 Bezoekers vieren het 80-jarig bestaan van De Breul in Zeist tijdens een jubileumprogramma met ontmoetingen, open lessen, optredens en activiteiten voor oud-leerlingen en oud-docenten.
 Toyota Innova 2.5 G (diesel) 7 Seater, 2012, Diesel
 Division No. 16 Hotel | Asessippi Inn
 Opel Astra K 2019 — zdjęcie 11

····················

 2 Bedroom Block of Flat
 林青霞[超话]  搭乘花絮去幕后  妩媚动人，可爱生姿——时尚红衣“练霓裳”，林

····················

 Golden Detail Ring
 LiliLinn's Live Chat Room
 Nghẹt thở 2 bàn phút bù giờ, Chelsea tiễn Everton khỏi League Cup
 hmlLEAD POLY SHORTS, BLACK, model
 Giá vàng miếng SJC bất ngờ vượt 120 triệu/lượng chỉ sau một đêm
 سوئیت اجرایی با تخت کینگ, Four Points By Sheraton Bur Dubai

····················

**WHAT THE EXERCISE ASKS**
Look above for the line holding "Division No. 16 Hotel | Asessippi Inn". Print it and every line after it, exactly, through the line holding "Opel Astra K 2019 — zdjęcie 11".

**ANSWER AREA**
 Division No. 16 Hotel | Asessippi Inn
 Opel Astra K 2019 — zdjęcie 11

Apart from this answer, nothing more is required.